- INFORMATION PROVIDED -
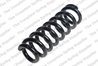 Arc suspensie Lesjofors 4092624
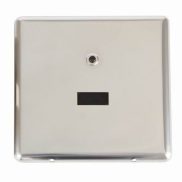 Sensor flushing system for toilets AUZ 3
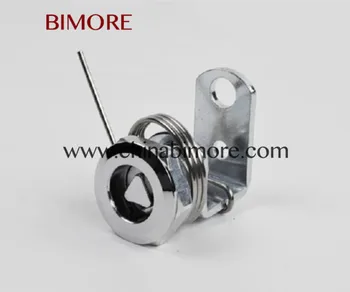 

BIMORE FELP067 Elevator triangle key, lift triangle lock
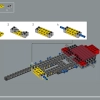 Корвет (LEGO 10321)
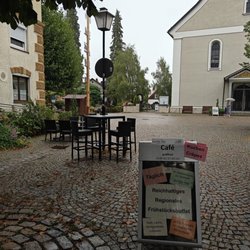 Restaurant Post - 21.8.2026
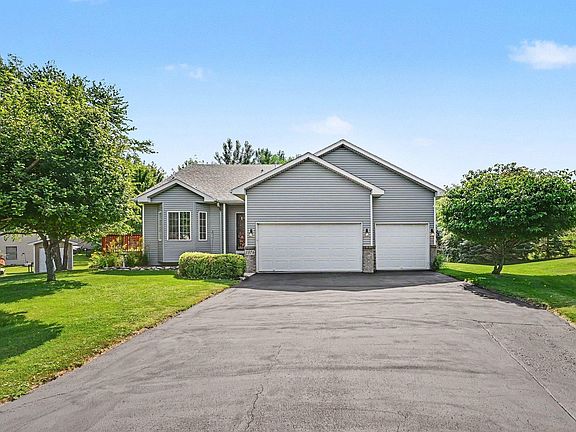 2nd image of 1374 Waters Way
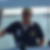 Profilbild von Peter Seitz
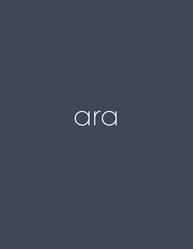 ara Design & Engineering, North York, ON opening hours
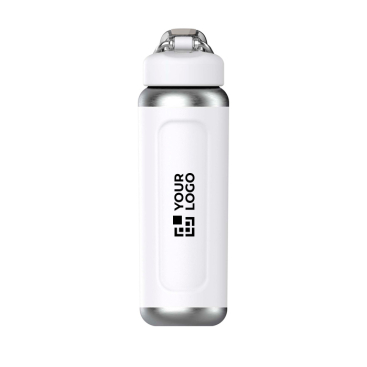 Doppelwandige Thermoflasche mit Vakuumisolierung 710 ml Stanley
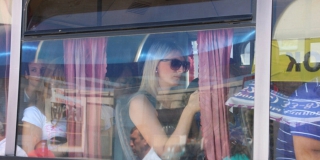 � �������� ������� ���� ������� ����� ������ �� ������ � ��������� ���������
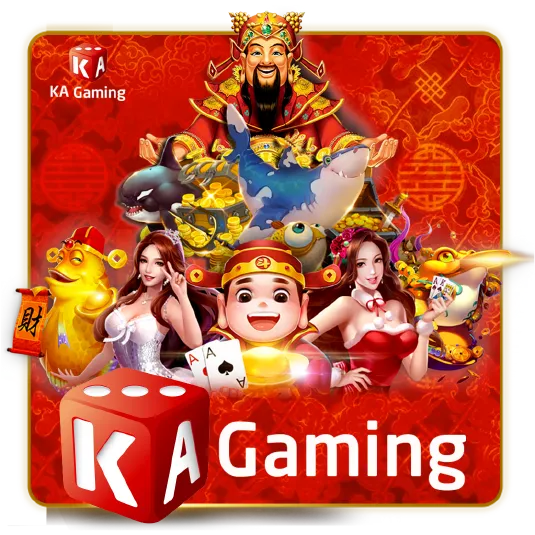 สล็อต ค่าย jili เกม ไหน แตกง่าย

...

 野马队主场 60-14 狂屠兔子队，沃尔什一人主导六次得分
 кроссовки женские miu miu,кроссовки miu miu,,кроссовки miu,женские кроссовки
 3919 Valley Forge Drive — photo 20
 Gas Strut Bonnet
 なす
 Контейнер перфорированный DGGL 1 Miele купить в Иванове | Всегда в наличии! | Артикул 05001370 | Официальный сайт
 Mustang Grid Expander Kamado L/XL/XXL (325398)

---

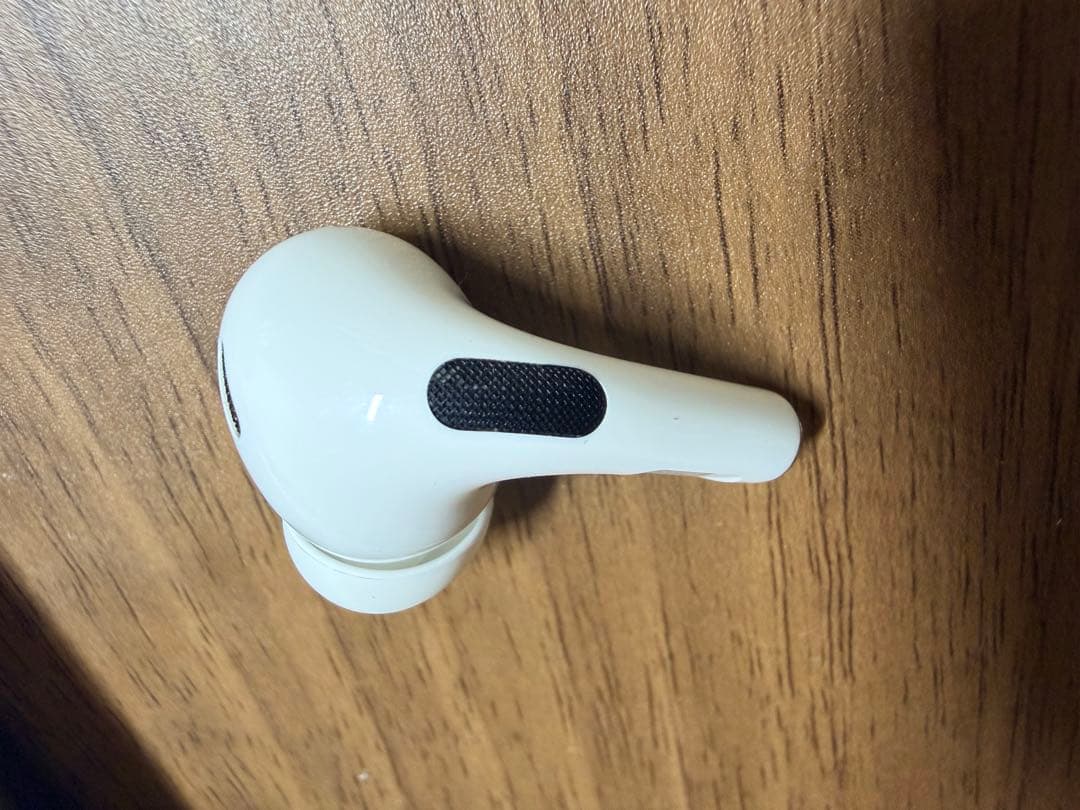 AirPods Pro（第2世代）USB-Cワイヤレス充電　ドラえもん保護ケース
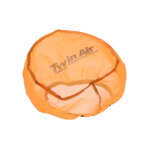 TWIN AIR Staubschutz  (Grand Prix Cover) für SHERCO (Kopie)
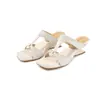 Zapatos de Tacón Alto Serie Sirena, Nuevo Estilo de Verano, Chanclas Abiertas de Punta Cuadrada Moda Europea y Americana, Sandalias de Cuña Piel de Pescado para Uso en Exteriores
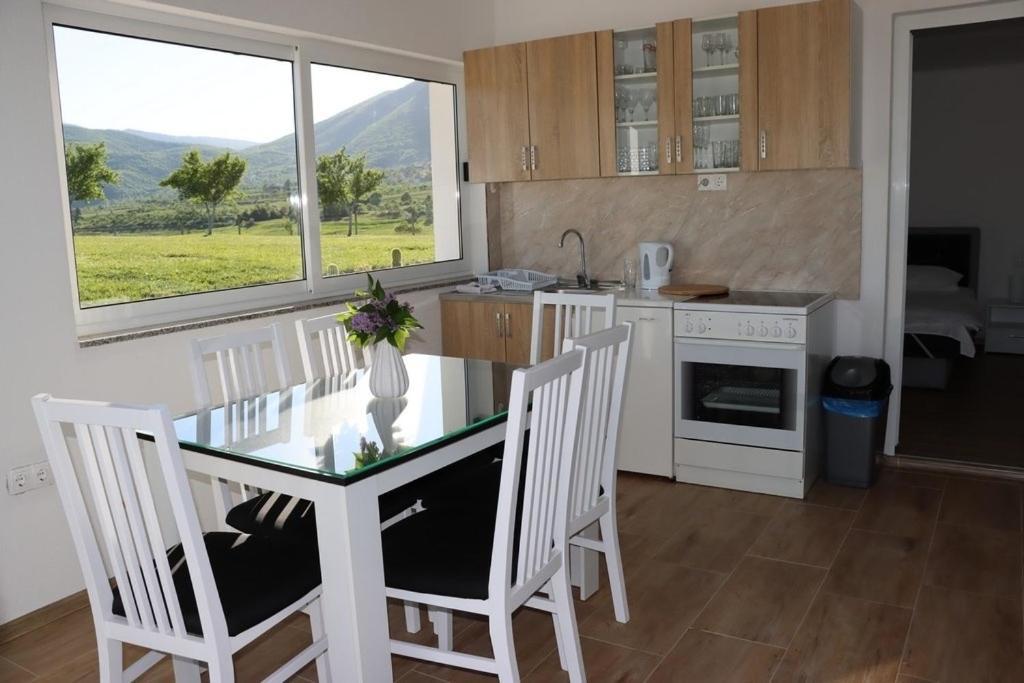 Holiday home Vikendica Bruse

- PROBLEM DESCRIPTION -
In the entries above, find the line with "Restaurant Post - 21.8.2026" and the line with "สล็อต ค่าย jili เกม ไหน แตกง่าย". Write out exactly those two lines and every line between them, pictures excluded.

- SOLUTION TO THIS PROBLEM -
 Restaurant Post - 21.8.2026
 2nd image of 1374 Waters Way
 Profilbild von Peter Seitz
 ara Design & Engineering, North York, ON opening hours
 Doppelwandige Thermoflasche mit Vakuumisolierung 710 ml Stanley
 � �������� ������� ���� ������� ����� ������ �� ������ � ��������� ���������
 สล็อต ค่าย jili เกม ไหน แตกง่าย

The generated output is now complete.